___ Given information

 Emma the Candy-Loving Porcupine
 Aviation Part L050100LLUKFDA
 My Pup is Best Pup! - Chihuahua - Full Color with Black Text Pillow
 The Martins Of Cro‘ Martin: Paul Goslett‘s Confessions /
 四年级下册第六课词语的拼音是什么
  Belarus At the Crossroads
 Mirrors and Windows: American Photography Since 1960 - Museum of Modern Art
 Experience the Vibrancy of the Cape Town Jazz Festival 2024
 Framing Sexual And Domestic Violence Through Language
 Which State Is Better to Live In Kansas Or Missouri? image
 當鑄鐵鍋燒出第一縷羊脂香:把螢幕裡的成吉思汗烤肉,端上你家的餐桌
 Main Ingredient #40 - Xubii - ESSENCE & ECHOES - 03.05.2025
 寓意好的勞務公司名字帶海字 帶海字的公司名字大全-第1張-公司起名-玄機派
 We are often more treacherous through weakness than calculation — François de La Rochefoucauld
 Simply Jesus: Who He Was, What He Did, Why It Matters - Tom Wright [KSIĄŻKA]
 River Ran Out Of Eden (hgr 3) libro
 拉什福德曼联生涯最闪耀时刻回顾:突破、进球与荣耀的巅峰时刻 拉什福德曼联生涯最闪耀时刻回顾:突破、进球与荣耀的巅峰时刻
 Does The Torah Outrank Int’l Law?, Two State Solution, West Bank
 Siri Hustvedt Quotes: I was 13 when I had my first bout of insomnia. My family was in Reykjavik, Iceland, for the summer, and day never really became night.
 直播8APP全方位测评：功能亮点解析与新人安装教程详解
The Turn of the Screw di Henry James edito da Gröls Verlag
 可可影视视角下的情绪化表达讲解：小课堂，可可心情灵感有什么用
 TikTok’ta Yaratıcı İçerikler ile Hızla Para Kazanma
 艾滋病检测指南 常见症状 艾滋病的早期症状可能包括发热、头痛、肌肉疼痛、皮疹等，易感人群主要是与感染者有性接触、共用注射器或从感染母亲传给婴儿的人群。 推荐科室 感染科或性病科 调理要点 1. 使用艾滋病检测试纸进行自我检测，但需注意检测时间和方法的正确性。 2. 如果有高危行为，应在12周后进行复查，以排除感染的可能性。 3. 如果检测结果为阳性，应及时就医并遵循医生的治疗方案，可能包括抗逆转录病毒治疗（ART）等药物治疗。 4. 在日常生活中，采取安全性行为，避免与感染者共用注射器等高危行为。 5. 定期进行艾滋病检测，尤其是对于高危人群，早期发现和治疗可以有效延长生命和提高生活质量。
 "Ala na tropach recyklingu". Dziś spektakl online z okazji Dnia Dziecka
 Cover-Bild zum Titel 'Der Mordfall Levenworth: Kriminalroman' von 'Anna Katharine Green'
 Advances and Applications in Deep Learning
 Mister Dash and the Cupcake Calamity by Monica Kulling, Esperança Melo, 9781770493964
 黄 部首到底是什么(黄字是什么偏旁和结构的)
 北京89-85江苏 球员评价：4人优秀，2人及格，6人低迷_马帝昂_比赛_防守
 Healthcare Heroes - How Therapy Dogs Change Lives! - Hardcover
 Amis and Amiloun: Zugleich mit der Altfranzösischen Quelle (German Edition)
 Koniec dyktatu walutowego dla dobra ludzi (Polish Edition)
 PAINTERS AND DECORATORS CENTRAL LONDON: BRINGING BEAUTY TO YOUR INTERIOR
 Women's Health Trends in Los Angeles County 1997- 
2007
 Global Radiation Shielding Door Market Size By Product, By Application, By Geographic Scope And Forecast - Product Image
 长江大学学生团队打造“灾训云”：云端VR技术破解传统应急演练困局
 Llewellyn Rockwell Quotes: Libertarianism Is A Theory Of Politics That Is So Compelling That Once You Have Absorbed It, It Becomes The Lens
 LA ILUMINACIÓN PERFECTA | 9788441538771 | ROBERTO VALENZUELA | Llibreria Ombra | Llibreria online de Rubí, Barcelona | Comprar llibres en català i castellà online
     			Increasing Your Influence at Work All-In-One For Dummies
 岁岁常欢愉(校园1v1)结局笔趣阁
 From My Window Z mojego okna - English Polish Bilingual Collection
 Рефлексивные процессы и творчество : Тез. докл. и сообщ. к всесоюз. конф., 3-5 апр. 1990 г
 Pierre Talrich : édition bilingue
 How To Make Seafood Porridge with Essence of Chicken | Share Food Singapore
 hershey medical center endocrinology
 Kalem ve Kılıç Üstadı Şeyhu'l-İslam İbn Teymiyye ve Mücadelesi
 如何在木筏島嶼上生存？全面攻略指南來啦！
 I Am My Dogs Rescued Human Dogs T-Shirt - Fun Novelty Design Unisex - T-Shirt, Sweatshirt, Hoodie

______

# Goal of the exercise
Find each line in the material above that carries the string "State", and copy it.

# Task response
 Which State Is Better to Live In Kansas Or Missouri? image
 Does The Torah Outrank Int’l Law?, Two State Solution, West Bank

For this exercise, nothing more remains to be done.